Peki, bu hususa haberde yer verilmiş mi? Hayır, verilmemiş. Aksine haber 'tasarı kabul edildi, milyonları ilgilendiriyor' alt başlığıyla sunulmuş.
Yani haber hem yanlış hem de eksik.
***
Rusya'nın arka sokaklarıymış
Efendim, Sırp asıllı Amerikalı meşhur fotoğrafçı Boogie Lee çektiği sıra dışı sokak fotoğrafları ile biliniyormuş. En son da Rusya'nın arka sokaklarında dolaşmış, acayip çarpıcı fotoğraflar çekmiş. sabah. com.tr de bunlardan bir galeri hazırlamış.
Türkiye'de yaşayan Rus asıllı bir okurumuz itiraz etti.
1) Boogie Lee isimli Sırp asıllı meşhur bir fotoğrafçı yok, dedi.
2) Boogie imzasını kullanan bir fotoğrafçı var ama yayınladığınız fotoğraflar ona ait değil, dedi.
3) Ayrıca bu haberin ülkesinin imajına zarar vermek maksadıyla uydurulduğunu iddia etti.
İlk itirazında haklı... Fotoğrafçının adı Boogie Lee değil, sadece Boogie. Gerçek adı Vladimir Milivojevic olan fotoğrafçı iş hayatında arkadaşlarının kendisine taktığı lakabı benimsemiş.
Okurumuz ikinci itirazında haksız.
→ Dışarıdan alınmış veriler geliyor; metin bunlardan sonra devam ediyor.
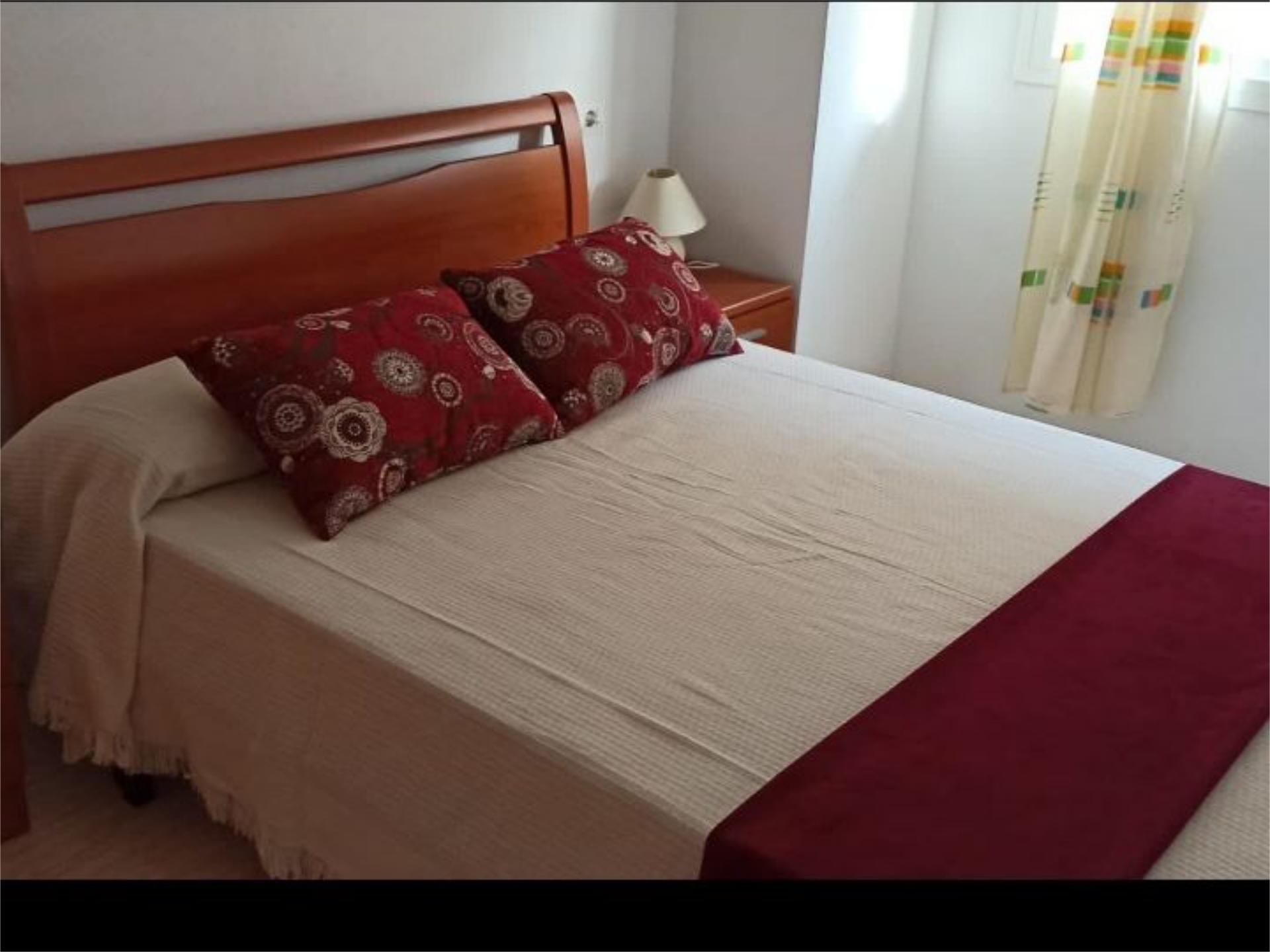 Piso en venta en Carrer Amplaries, 35, Vista Mar Habitación de Piso en venta en Oropesa del Mar / Orpesa con Aire acondicionado, Terraza y Piscina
Çünkü Boogie'nin resmi web sitesine girdiğinde fotoğrafların Moskova projesi kapsamında çekildiğini görebilir.
Yalnız, bu fotoğraflar yeni değil. 2015'te başlayan bir çalışmanın ürünü. İnternet editörleri oradaki bazı fotoğrafları seçip sanki özel bir habermiş gibi üzerine kendi logolarını basmışlar.
Dolayısıyla, geliyoruz üçüncü maddeye. Benim kanaatim bu toplama haberin Rusya'dan ziyade gazetenin imajına zarar verdiği yönünde.